La puerta era una invitación, un portal a un mundo distinto al que vivía desde hacía ya muchos meses. El soldado intentó ocultar la sangre que manchaba sus ropas y parte de su piel y se adentró, cojeando, en la taberna. No sabía de cuánto tiempo disponía, pero estaba decidido a aprovecharlo.
Apenas había media docena de parroquianos en el interior neblinoso, todas las miradas se giraron hacia él. Se fijó en los rostros duros y arrogantes de dos largarenianos. Odiaba a esa gente. Hizo acopio de toda su fuerza de voluntad para no lanzar un insulto o una bravuconada a aquellos dos idiotas que no dejaban de mirarle y llegó hasta la barra. El tabernero le sirvió una jarra de cerveza sin demasiada simpatía. Pensó en hacer uso de la espada, pero el frescor amargo del alcohol atemperó su estado de ánimo lo suficiente como para sentirse relajado por primera vez en mucho tiempo.
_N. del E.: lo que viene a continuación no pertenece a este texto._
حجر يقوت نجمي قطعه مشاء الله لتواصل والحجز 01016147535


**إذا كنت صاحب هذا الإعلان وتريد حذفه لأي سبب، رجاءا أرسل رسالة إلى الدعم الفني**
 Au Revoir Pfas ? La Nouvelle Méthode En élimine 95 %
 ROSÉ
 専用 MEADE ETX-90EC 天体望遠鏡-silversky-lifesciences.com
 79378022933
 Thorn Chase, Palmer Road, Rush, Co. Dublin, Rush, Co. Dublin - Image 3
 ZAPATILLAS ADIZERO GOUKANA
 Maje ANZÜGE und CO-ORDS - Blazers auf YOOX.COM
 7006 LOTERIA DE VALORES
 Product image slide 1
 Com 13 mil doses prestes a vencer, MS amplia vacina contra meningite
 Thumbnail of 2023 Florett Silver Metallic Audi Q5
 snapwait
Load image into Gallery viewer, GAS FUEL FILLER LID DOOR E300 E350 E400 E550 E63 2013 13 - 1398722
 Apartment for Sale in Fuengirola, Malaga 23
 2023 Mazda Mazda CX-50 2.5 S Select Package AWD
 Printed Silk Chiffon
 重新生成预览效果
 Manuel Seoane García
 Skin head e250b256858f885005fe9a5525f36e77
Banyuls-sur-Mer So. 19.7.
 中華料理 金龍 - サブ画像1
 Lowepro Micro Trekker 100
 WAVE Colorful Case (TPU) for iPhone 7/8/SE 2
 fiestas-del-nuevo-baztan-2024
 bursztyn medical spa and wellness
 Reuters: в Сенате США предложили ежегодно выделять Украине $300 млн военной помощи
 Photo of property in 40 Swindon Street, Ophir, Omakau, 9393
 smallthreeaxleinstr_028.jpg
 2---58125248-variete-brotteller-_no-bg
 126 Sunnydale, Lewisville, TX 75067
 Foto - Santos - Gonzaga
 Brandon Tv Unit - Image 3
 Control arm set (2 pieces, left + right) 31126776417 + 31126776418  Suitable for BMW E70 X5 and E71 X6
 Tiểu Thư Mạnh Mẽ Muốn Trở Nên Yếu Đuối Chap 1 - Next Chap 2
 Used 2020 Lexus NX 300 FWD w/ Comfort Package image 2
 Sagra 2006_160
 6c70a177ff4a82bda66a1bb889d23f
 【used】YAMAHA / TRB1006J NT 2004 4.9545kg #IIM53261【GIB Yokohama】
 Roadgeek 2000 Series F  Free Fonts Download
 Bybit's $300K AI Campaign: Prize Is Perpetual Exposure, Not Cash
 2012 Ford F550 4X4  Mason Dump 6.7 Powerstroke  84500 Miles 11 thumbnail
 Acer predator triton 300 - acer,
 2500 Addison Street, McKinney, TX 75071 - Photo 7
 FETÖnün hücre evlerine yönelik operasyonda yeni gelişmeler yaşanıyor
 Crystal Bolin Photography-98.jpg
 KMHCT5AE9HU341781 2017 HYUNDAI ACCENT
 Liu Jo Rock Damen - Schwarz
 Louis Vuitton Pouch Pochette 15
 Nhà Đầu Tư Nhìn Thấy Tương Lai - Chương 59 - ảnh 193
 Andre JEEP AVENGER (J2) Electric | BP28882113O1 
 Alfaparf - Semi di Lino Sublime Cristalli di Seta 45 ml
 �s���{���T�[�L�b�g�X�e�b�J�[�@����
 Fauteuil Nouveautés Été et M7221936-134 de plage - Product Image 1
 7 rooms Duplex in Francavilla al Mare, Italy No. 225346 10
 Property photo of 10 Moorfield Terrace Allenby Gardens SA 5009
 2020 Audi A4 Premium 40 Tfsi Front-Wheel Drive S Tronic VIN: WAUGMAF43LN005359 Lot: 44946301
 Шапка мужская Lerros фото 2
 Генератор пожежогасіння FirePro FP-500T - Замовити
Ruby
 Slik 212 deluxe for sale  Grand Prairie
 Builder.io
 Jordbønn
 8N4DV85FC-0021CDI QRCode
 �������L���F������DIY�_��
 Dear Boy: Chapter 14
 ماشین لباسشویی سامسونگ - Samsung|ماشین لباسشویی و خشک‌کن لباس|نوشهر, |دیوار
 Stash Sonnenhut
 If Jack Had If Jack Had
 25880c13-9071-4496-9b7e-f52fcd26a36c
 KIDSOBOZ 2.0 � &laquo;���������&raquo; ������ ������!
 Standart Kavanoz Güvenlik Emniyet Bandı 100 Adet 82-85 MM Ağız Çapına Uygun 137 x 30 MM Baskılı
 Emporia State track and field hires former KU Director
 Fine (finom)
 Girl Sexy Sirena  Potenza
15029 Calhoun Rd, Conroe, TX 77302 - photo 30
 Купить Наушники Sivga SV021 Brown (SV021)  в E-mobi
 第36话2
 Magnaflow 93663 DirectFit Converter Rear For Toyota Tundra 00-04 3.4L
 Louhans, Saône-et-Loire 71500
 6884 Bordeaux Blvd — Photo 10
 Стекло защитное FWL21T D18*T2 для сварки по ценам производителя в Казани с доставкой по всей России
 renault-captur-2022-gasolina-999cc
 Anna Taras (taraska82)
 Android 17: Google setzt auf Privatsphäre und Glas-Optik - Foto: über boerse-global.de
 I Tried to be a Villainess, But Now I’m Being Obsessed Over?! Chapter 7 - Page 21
Se sentó en una mesa y pidió una jarra más, sin importarle nada de cuanto le rodeaba.
Solo llevaba allí unos pocos minutos cuando escuchó el bramido de la guerra. Imaginó la ingente columna de enemigos cayendo sobre la aldea, la oleada de muerte y sangre. Imaginó el fuego arrasando todo a su paso, las personas convertidas en cenizas, los llantos de las mujeres, de los hombres y de los niños. Se dijo que podría haber advertido a todo el mundo de lo que se avecinaba, que quizá alguien hubiera podido escapar. Acalló su conciencia con otro trago de cerveza. Al menos había podido disfrutar de un momento de paz por última vez antes de morir.